Apretó los parpados, en un acto que no correspondió al dolor, y que fue consecuencia del útil distractor ofrecido por Ander, al acercarse a su oído y murmurar palabras que se obligó a no registrar en su mente.
Palabras que comenzaron con alabanzas y terminaron en deseo.
Palabras que fueron de los murmullos tenues a los jadeos candentes.
Palabras que derritieron la tensión de Gabriel, logrando que Ander, despacio y paciente, se adentrara en él, consumando la anhelada repetición que estuvieron esperando y que, por alguna razón, se postergó hasta ese día y ese viaje.
El tacto de Ander le quemó la piel, grabándose, sin que Gabriel pudiera rechazarlo, en la capa más profunda y peligrosa de su ser.
A varios kilómetros de ahí, un reportero adjuntó el borrador de una nota y las imágenes que la acompañaría. Dos fotos. Una de un hotel en el mar, y la otra, del jardín botánico.
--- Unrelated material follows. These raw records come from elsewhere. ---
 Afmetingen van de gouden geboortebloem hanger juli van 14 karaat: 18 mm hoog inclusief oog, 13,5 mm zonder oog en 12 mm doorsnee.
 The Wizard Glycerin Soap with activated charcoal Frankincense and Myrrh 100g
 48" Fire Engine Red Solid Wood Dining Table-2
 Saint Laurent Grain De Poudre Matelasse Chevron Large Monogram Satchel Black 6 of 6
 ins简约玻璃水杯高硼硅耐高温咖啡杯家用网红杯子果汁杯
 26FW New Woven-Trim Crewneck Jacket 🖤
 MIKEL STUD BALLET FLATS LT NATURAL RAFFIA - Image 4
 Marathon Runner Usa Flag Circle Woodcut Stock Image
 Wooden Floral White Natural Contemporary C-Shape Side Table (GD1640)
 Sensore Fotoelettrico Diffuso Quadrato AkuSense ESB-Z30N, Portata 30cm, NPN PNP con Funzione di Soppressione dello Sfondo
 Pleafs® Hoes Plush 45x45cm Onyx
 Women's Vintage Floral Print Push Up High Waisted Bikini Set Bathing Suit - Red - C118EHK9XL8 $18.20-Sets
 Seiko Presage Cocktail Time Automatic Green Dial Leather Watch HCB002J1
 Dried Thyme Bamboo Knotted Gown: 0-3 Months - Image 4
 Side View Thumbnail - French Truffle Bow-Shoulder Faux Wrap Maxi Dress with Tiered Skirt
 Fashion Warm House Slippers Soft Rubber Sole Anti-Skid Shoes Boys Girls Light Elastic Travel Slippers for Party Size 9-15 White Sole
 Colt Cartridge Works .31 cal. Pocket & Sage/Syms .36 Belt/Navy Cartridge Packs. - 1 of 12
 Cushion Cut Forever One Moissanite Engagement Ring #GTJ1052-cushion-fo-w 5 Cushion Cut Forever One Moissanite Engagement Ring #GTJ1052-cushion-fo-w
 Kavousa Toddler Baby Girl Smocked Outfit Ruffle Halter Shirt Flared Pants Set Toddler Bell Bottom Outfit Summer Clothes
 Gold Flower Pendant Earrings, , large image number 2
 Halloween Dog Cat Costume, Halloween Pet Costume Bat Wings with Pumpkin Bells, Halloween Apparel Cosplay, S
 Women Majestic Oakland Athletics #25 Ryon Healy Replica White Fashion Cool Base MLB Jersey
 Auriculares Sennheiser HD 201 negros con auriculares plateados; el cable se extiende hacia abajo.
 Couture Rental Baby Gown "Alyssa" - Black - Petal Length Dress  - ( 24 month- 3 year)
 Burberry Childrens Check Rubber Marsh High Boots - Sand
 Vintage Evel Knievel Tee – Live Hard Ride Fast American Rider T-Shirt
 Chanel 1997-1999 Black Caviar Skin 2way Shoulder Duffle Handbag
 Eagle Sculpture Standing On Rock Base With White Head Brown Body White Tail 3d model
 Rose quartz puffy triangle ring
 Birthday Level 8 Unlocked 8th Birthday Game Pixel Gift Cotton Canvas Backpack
No era la primera vez que un escándalo como ese se cosechaba entre las páginas de las revistas de chismes alrededor de Ander. La diferencia entre las ocasiones anteriores y la presente, fue que, en esa, el CEO de Antares, al que se le colaban de vez en cuando escándalos con mujeres, no se afano en desaparecer las tomas con un hombre.
Envió el correo al editor, adelantando la fecha de entrega a lo acordado, un par de horas.
Si al Sr. Zaldívar no le preocupaba que se le relacionara con un hombre, Roberto Ibáñez, uno de los principales reporteros de la farándula, dudaba que fuera a importarle mucho el cambio en la programación.
Que el detalle de tiempo pusiera en riesgo o no la primicia prometida, le era indiferente. La disposición del Sr. Zaldívar a ser visto con su acompañante, a quien aún no lograba identificar, tenía la corazonada de que se debía a una muy buena razón, una mucho mejor el embarazo de una famosa. Una noticia a la que le convendría estar ligado, adjudicándose el papel del portero encargado de abrirle las puertas.